If Sanatorio Duran isn’t haunted,
it should be.
Sanatorio Durán is an abandoned old hospital outside Cartago that was used to treat tuberculosis patients between 1918 and 1963. A lot of people died here, many of them children, and there are many creepy tales — and even videos! — of ghosts that still haunt its halls.
We’re talking rotting buildings, broken windows, chipping paint, creaky floorboards, spooky stairwells and scary graffiti — in a place where many people took their last raspy breath. If this place isn’t haunted, it should be.
But many people really believe it is haunted. There are longtime reports of an undead monk who visits in the night, of a phantom little girl spotted in the hallways and stairwells, of a ghost in the window of the chapel.
In fact, the Discovery Channel’s “Ghost Hunters International” sent a camera crew here a few years ago, using super-duper ghost-detecting techniques, and they claim to have captured actual video of a dead girl sitting on some steps. (Judge for yourself at http://bit.ly/2BsZhSn and http://bit.ly/2nVcITB.)

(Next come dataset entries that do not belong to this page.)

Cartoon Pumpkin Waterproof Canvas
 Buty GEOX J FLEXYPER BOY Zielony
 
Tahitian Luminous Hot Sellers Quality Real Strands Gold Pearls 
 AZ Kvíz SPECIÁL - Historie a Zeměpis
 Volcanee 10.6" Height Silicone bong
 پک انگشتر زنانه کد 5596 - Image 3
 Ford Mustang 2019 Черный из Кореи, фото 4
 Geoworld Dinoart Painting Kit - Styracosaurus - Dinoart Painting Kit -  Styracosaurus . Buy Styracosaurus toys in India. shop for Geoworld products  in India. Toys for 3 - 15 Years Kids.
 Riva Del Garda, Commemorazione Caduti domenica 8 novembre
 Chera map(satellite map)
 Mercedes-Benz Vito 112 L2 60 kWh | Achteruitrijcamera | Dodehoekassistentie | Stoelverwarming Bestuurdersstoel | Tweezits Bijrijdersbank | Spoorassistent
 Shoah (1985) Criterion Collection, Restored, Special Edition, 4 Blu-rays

In places this complex is like a labyrinth, where it’s easy to get disoriented, unsure which way is out. The blue signs on the walls will not exactly alleviate your anxiety: “CHILDREN’S DORMITORY,” “ISOLATION WARD,” “OPERATING ROOM,” “MORGUE.”
The sanatorium was founded in 1918 by Dr. Carlos Durán Cartín, a physician who served as president of Costa Rica from 1889 to 1890. Durán’s daughter had tuberculosis, for which there was no known treatment at the time, with a mortality rate of about 50 percent.
Costa Rica Haunted Hospital: Sanatorio Duran
Located on the road to Volcán Irazú, the hospital had space for 300 patients. It was believed that the altitude, temperature and humidity were ideal for treating this contagious disease — or maybe the healthy people just wanted to keep them far away.
Scientists discovered effective treatments for tuberculosis by the 1950s, and Sanatorio Durán was shut down in 1963. Yet it was never demolished or repurposed, and so in the years since it has simply decayed.
Today you’ll be charged a mere ₡1,200 to visit, and it’s well worth it — an easy day trip from San José.
Just watch out for the rotten floorboards — and the ghosts.